START Supplied data
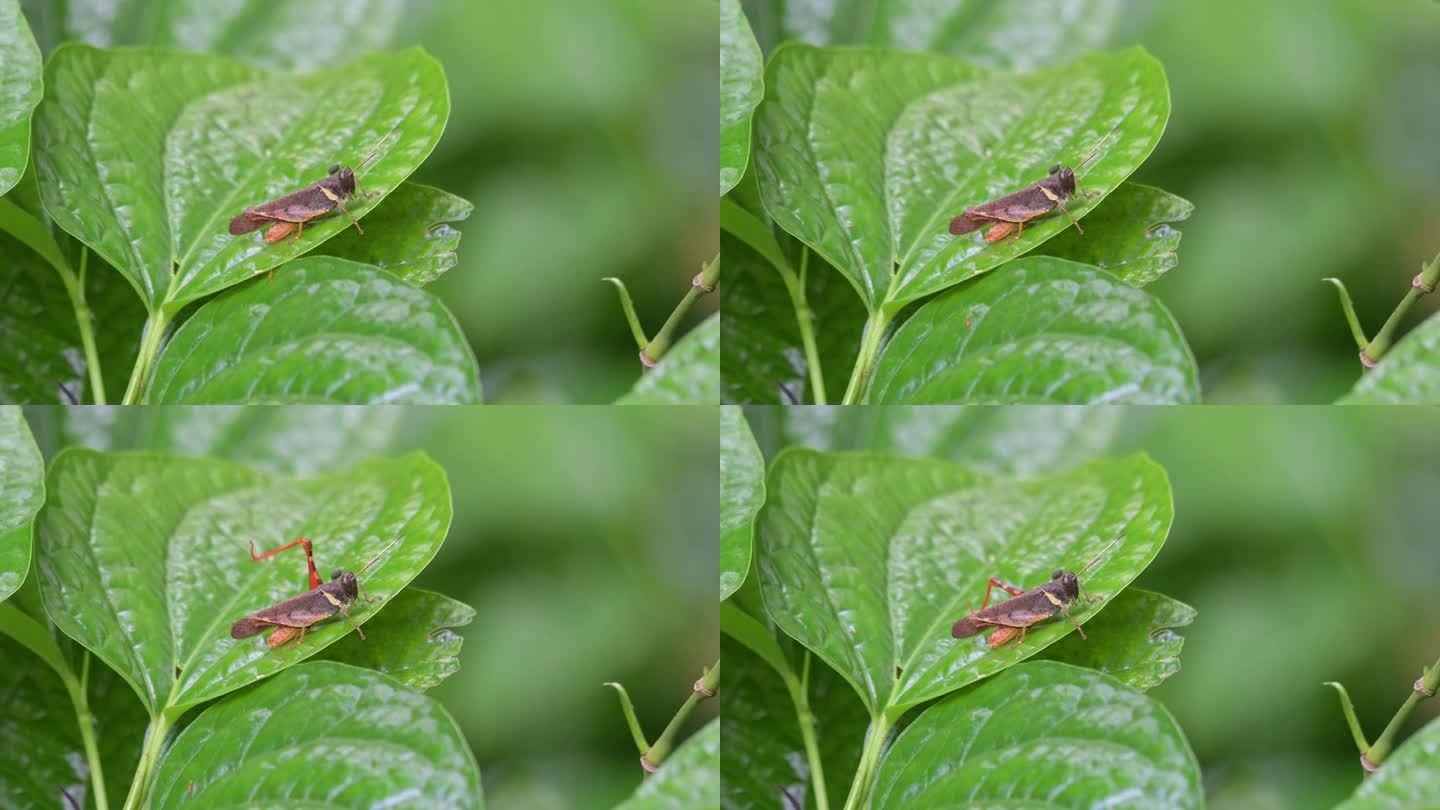 泰国，蚱蜢，一只蚂蚁在树叶上移动时，抬起左后腿伸展
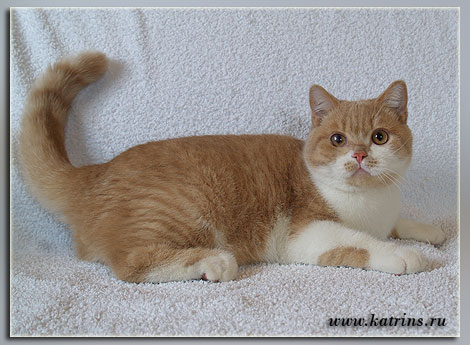 Katrin's Wasilek, британский кот кремовый с белым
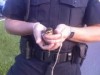 Schererville cops save ducklings 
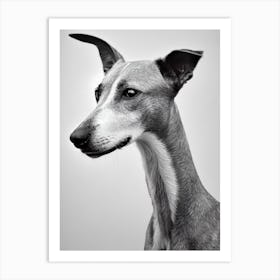 Whippet B&W Pencil Dog Art Print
END Supplied data
- Exercise description
In your reply, every line of the material should appear exactly as written, and no picture should.

- Response box
 泰国，蚱蜢，一只蚂蚁在树叶上移动时，抬起左后腿伸展
 Katrin's Wasilek, британский кот кремовый с белым
 Schererville cops save ducklings 
 Whippet B&W Pencil Dog Art Print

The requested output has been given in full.